Die aktuelle Untersuchung zeigt zudem, dass sich klimaschädliche Kohlekraftwerke als Reserve für abgeschaltete AKWs schrittweise ersetzen lassen: "Bereits 2020 kann eine effiziente Steuerung bei Biomasseanlagen, Haushalten und Industrieanlagen die Spitzennachfrage um bis zu 4,4 Gigawatt reduzieren", so Lenck. Entsprechend seltener müssten dann fossile Kraftwerke die so genannte "gesicherte Leistung" bereitstellen. Eine weitere Schlüsselrolle zur Absicherung der Stromnachfrage könnten laut Energy Brainpool künftig Speichertechnologien wie Windgas (Power-to-Gas) übernehmen. Windgas nutzt überschüssigen Ökostrom, um Wasserstoff herzustellen, der im Gasnetz gespeichert, verbraucht oder in Gaskraftwerken wieder verstromt werden kann - die Technologie eignet sich damit auch, um Stromüberschüsse im Netz kostengünstiger abzufedern.

"Die Politik muss dringend dafür sorgen, dass eine flexible und dezentrale Technologie wie Windgas künftig nicht nur mithilft, Atomstrom zu ersetzen, sondern mittelfristig auch fossile Reserven verzichtbar machen kann", sagt Sönke Tangermann.
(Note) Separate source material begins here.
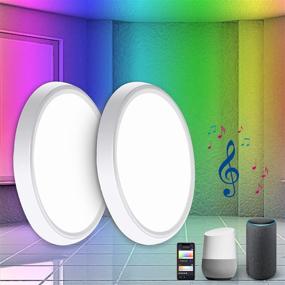 img 4 attached to 🌟 Enhance Your Space with Yuusei Smart Dimmable Ceiling Lights - 2 Pack, Alexa & Google Home Compatible, WiFi Enabled, RGB Backlight - Perfect for Bedroom & Living Room, 35W 12 Inch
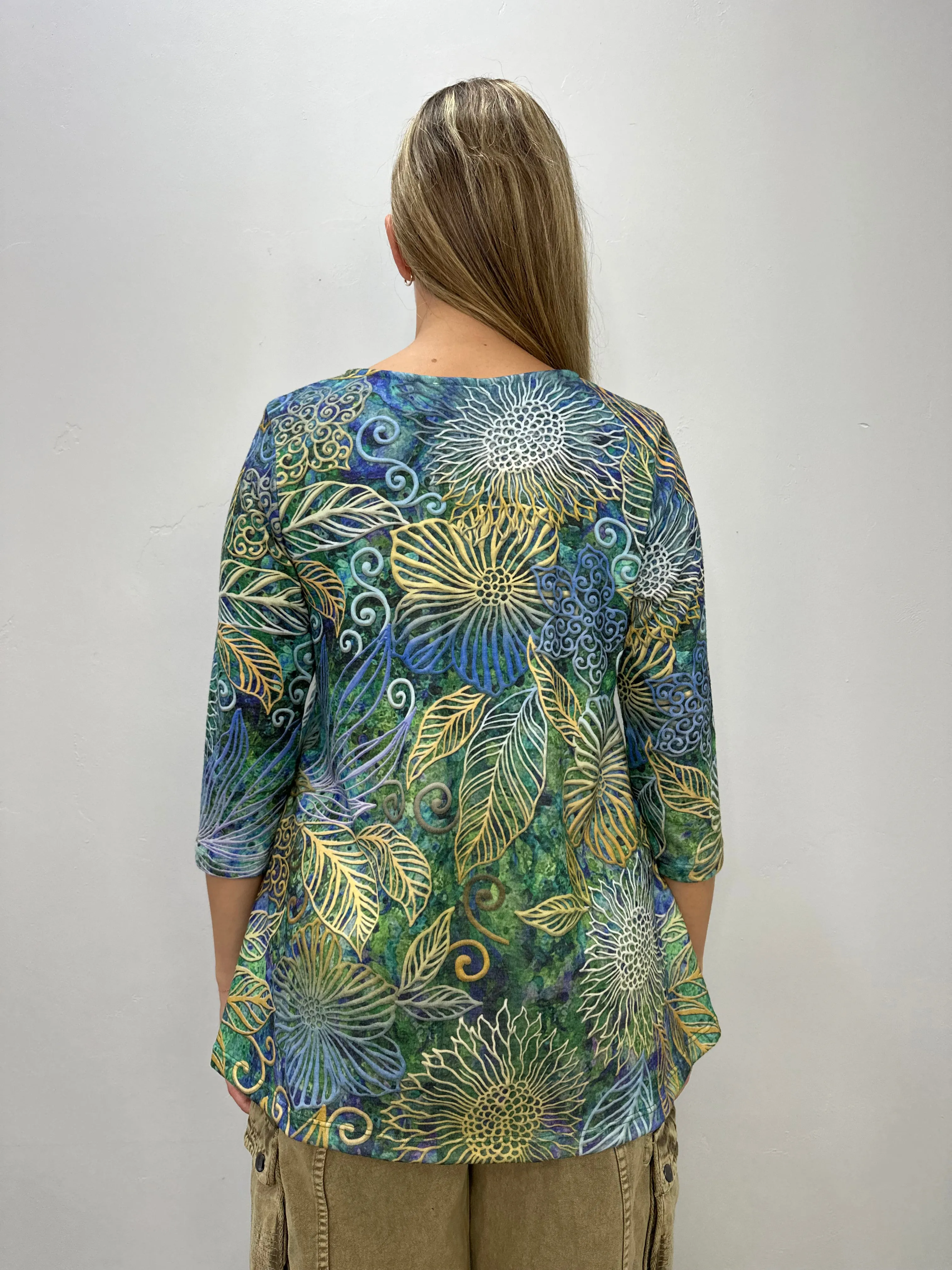 Blue Underwater Hacci Bushed 3/4 Sleeve Knit Tunic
Dies könne sogar die Versorgungssicherheit weiter stärken. Denn, so ein weiteres Fazit der Kurzstudie: "Während die Schwankungen bei wetterabhängigen erneuerbaren Energien in der Regel gut ausgeglichen werden, können bestimmte Wetterereignisse bei konventionellen Kraftwerken die Versorgungssituation verschärfen."

So mussten in den besonders heißen Sommern 2006 und 2007 mehrere deutsche Kohlekraftwerke gedrosselt oder gänzlich abgeschaltet werden, damit die Flusstemperaturen durch das Kühlwasser nicht über die zulässigen Grenzwerte anstiegen. Und niedrige Pegelstände von Flüssen führten bei Kohlekraftwerken im Dezember 2015 zu Versorgungsengpässen, weil die Meiler nicht mehr per Schiff mit Kohle beliefert werden konnten.